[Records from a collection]

************

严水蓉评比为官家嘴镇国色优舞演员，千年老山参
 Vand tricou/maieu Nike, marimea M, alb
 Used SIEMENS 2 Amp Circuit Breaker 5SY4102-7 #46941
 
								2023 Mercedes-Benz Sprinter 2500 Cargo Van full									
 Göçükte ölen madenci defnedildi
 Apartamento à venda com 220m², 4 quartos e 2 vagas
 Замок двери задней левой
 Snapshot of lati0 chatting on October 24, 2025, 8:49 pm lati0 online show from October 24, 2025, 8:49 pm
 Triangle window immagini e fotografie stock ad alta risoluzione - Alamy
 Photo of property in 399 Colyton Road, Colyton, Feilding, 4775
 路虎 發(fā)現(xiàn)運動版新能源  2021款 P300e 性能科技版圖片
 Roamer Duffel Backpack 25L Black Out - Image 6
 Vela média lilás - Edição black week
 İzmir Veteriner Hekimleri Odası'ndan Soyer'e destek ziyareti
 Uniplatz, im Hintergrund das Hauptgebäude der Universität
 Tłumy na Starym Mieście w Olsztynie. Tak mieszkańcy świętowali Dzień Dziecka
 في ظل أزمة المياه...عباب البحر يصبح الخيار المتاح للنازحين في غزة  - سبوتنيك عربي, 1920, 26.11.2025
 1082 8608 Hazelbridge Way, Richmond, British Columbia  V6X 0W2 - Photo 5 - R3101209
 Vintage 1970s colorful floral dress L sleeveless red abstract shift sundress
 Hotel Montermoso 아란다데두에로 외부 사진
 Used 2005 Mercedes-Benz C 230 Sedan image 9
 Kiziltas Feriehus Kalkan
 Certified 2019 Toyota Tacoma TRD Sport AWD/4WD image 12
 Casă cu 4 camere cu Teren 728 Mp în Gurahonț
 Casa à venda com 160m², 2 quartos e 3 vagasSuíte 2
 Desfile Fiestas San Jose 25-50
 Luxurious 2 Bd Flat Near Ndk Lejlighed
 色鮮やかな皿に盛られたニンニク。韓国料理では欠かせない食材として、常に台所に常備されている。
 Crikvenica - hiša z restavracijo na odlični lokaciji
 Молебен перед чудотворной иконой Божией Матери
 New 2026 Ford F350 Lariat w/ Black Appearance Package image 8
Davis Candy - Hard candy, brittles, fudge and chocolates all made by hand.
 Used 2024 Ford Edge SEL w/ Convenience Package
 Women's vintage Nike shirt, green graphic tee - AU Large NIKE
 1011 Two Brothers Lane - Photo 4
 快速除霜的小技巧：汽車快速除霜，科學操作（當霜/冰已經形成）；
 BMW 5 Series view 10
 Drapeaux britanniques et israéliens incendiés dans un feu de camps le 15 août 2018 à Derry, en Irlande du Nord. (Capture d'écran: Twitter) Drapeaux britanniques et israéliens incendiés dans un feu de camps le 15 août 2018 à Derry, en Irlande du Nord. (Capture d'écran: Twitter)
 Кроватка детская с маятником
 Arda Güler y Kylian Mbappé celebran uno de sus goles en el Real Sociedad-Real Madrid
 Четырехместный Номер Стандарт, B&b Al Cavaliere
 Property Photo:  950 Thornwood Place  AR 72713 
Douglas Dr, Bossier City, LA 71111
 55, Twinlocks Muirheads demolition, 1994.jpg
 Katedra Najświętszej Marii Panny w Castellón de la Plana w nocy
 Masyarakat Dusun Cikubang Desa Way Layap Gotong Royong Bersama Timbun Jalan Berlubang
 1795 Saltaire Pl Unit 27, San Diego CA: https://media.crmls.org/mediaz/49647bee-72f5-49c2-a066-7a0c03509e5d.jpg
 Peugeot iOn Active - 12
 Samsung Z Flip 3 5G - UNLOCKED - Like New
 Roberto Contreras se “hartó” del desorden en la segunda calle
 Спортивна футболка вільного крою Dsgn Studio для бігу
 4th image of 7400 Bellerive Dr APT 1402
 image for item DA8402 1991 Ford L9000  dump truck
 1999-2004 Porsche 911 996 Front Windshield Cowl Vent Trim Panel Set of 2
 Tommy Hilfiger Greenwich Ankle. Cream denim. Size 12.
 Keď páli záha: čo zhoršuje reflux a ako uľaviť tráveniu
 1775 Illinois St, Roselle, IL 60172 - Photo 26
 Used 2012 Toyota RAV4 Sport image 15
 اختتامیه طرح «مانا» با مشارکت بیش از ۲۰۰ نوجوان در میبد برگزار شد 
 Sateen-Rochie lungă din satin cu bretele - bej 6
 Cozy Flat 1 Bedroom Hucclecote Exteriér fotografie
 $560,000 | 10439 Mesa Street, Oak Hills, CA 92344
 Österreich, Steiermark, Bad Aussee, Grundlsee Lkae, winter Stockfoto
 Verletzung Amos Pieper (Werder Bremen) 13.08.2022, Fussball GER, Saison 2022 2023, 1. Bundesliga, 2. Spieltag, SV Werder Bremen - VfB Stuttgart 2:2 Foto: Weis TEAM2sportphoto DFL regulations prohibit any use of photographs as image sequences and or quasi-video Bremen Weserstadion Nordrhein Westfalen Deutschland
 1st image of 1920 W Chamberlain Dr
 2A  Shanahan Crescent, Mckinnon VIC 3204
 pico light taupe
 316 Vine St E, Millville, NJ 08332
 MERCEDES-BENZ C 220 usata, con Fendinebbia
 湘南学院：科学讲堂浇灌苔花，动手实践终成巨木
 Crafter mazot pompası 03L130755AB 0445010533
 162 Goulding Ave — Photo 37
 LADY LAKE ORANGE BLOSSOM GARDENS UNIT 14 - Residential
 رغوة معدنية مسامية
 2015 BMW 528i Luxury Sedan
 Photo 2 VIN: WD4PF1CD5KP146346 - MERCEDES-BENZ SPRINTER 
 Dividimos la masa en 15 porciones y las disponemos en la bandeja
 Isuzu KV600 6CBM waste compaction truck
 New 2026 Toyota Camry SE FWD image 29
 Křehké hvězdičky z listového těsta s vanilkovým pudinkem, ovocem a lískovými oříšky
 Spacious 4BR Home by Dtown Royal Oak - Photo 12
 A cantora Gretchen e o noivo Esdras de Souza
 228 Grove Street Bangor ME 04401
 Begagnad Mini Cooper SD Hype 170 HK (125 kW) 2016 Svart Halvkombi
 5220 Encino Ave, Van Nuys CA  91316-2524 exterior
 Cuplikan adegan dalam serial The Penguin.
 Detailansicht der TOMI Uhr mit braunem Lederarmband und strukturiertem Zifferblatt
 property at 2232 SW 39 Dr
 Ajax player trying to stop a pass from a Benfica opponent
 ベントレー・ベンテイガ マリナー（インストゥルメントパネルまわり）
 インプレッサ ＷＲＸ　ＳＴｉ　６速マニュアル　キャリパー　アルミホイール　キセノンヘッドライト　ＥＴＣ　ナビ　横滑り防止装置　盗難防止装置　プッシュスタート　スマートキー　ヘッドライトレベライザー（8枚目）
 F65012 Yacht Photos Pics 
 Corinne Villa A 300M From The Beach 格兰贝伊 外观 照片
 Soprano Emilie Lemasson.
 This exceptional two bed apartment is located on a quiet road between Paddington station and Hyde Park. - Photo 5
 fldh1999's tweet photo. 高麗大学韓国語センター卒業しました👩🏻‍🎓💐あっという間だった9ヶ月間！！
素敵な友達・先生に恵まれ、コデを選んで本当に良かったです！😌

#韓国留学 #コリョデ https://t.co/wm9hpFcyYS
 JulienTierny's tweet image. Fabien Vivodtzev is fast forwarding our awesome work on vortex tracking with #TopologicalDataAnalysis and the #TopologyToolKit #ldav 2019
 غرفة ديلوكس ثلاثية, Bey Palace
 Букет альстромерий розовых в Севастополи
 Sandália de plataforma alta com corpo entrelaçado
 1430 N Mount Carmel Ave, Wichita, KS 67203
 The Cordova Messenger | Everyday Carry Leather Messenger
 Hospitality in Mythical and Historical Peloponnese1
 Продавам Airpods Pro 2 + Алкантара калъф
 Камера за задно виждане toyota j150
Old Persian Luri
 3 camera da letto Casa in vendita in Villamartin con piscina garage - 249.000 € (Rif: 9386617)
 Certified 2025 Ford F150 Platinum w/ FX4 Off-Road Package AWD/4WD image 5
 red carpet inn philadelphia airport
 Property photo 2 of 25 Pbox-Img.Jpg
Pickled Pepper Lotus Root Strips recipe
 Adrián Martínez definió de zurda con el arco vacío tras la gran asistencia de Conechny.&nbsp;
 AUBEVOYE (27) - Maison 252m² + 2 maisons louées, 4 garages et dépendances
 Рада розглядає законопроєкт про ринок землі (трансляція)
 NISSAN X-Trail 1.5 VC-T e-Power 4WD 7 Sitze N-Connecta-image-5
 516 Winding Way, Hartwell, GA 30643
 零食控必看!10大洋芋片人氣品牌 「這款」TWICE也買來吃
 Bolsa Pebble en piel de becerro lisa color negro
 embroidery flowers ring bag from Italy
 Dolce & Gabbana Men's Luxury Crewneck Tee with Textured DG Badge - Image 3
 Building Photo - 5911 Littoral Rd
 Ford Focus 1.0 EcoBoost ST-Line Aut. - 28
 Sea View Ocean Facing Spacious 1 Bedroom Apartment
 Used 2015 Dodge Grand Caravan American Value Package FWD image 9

************

Repeat, word for word, the lines from the start of the records to the line that contains "Used 2024 Ford", both of them included, and no others.

▶ Answer section
严水蓉评比为官家嘴镇国色优舞演员，千年老山参
 Vand tricou/maieu Nike, marimea M, alb
 Used SIEMENS 2 Amp Circuit Breaker 5SY4102-7 #46941
 
								2023 Mercedes-Benz Sprinter 2500 Cargo Van full									
 Göçükte ölen madenci defnedildi
 Apartamento à venda com 220m², 4 quartos e 2 vagas
 Замок двери задней левой
 Snapshot of lati0 chatting on October 24, 2025, 8:49 pm lati0 online show from October 24, 2025, 8:49 pm
 Triangle window immagini e fotografie stock ad alta risoluzione - Alamy
 Photo of property in 399 Colyton Road, Colyton, Feilding, 4775
 路虎 發(fā)現(xiàn)運動版新能源  2021款 P300e 性能科技版圖片
 Roamer Duffel Backpack 25L Black Out - Image 6
 Vela média lilás - Edição black week
 İzmir Veteriner Hekimleri Odası'ndan Soyer'e destek ziyareti
 Uniplatz, im Hintergrund das Hauptgebäude der Universität
 Tłumy na Starym Mieście w Olsztynie. Tak mieszkańcy świętowali Dzień Dziecka
 في ظل أزمة المياه...عباب البحر يصبح الخيار المتاح للنازحين في غزة  - سبوتنيك عربي, 1920, 26.11.2025
 1082 8608 Hazelbridge Way, Richmond, British Columbia  V6X 0W2 - Photo 5 - R3101209
 Vintage 1970s colorful floral dress L sleeveless red abstract shift sundress
 Hotel Montermoso 아란다데두에로 외부 사진
 Used 2005 Mercedes-Benz C 230 Sedan image 9
 Kiziltas Feriehus Kalkan
 Certified 2019 Toyota Tacoma TRD Sport AWD/4WD image 12
 Casă cu 4 camere cu Teren 728 Mp în Gurahonț
 Casa à venda com 160m², 2 quartos e 3 vagasSuíte 2
 Desfile Fiestas San Jose 25-50
 Luxurious 2 Bd Flat Near Ndk Lejlighed
 色鮮やかな皿に盛られたニンニク。韓国料理では欠かせない食材として、常に台所に常備されている。
 Crikvenica - hiša z restavracijo na odlični lokaciji
 Молебен перед чудотворной иконой Божией Матери
 New 2026 Ford F350 Lariat w/ Black Appearance Package image 8
Davis Candy - Hard candy, brittles, fudge and chocolates all made by hand.
 Used 2024 Ford Edge SEL w/ Convenience Package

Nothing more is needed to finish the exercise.